Here is the method I used to drive the outer pinion shaft out of the clutch unit:
I'll assume that you have the final drive housing off the tractor and have removed the brake band.
The toughest part of the job was separating the clutch unit from the outer pinion gear shaft. In theory, the clutch unit should slide off the end of that shaft - mine didn't! The clutch is keyed to the shaft with a large woodruff key, and rust had built up where the shaft and clutch join. Needless to say, we had to drive the shaft out of the clutch. Start by removing the cover for the pinion shaft outer bearing.
BTW, the brake drum is an integral part of the clutch unit - they are bolted together. Don't try to separate them while still inside the final drive housing.

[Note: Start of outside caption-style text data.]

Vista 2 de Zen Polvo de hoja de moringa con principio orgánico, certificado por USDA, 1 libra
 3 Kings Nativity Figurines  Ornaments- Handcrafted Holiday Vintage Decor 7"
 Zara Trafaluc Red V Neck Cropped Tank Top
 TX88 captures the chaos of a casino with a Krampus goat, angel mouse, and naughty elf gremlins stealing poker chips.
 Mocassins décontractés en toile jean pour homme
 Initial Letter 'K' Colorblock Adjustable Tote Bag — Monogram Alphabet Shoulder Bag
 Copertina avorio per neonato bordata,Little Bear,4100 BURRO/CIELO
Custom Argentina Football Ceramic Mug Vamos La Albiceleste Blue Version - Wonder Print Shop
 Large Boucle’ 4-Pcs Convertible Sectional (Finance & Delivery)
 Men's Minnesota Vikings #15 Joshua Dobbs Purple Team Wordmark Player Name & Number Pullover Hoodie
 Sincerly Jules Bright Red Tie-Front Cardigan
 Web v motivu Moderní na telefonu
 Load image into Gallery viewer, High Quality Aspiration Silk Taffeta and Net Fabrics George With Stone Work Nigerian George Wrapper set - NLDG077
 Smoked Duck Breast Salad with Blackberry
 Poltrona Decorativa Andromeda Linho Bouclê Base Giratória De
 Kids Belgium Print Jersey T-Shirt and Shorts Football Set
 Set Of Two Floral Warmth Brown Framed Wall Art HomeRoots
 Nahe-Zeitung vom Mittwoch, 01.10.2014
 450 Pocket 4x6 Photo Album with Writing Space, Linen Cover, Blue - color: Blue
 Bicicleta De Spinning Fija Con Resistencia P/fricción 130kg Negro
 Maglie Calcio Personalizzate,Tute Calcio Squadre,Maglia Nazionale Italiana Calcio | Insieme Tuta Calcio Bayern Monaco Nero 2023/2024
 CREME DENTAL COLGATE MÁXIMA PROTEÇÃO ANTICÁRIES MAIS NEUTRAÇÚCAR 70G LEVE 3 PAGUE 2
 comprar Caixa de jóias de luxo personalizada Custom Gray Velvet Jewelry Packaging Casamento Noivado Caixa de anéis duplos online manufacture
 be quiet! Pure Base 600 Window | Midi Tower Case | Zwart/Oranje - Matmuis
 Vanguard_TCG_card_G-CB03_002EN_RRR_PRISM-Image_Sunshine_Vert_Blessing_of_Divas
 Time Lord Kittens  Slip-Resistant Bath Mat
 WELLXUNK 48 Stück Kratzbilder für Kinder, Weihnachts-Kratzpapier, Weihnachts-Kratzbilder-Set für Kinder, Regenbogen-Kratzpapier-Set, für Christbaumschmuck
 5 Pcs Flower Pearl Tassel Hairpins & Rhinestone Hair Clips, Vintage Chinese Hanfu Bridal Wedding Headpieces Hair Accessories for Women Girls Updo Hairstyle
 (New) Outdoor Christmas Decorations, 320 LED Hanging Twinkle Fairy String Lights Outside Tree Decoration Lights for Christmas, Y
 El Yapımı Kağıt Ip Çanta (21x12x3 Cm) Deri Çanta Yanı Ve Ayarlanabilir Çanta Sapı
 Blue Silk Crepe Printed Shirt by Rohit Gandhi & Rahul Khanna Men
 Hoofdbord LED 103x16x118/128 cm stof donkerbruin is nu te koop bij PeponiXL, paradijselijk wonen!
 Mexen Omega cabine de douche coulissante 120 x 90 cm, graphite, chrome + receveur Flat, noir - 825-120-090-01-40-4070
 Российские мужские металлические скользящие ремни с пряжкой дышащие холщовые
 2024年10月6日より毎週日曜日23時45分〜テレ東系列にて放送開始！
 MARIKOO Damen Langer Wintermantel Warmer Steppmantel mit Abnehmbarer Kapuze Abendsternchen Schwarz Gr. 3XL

We built a tool to drive the shaft out of the clutch - essentially the opposite of a pulling tool. We welded a short length of pipe to a 1/2" piece of flat stock long enough to bridge two of the bolt holes that secure the housing to the rear end, and drilled two holes to line up with the bolt holes. The we cut a piece of round stock to fit between the flat stock at maximum extension from the end of the housing and the end of the outer pinion gear shaft - ie, it fit into the bushing on one end and the piece of pipe on the other. Then we attached the tool with two bolts and put increasing tension on the bolts, whacking the center of the tool every now and then with a BFH. This arrangement drove the pinion gear shaft out of the clutch in about 3 minutes! The outer pinion shaft bearing will come out with the shaft.
There is a downside to this approach: the woodruff key tears a groove in the oil seal that's just outboard of where the shaft and the clutch are joined, so you will need a new seal unless you are lucky enough to be able to separate clutch and shaft by hand. I'd replace the seal anyway.